By the time the 1952 Helsinki Olympics rolled around, Zátopek was favored to win the gold in the 10,000 meters. He had, after all, won the 10,000 meters at the 1948 London Olympics in world record time.

According to Askwith, Zátopek’s rivals Les Perry and Aleksandr Anufriyev dashed out to a fast start over the first six laps. Zatopek was running a respectable speed under 70 seconds a lap, and was content to stay in the middle of the pack, settling into a pace of 71 seconds per lap, “knowing that none of the others could live with such a pace indefinitely.” And the others could not. Zátopek lapped runner after runner, continuously building a lead. At the halfway point, Zátopek upped the pace, finishing the final lap at his fastest – 64 seconds. As Askwith described, “the field was soon strung out: a line of carriages pulled along by the Czech locomotive and, one by one, falling off.”

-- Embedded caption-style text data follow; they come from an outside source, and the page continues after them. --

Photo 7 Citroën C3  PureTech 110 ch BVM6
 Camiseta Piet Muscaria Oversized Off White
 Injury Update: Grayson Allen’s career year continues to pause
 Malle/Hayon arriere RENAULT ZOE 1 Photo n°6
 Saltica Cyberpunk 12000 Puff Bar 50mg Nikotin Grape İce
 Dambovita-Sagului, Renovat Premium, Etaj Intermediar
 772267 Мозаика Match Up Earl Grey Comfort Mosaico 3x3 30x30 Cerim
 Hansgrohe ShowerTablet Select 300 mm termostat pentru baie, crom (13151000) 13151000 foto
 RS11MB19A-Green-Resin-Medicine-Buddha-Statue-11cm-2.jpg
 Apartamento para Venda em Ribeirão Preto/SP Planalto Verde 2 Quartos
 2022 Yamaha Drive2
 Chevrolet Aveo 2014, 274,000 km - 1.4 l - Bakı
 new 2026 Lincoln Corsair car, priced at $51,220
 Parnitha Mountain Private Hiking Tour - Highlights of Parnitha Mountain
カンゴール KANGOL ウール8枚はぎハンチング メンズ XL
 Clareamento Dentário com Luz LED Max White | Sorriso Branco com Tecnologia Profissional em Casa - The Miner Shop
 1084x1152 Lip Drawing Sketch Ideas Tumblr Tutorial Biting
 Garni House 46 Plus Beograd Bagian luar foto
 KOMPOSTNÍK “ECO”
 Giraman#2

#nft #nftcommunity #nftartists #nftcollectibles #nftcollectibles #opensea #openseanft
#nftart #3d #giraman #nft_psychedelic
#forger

Zátopek crushed his own world record set in 1948 by an incredible 42.6 seconds, beating the silver medalist Alain Mimoun by over 90 meters. The French sports newspaper crowned Zatopek “la brute magnifique”. But for Zátopek , it was like he was a little boy in Kopřivnice again, running around the neighborhood block, his friends and brothers marveling at the kid who simply would not stop running.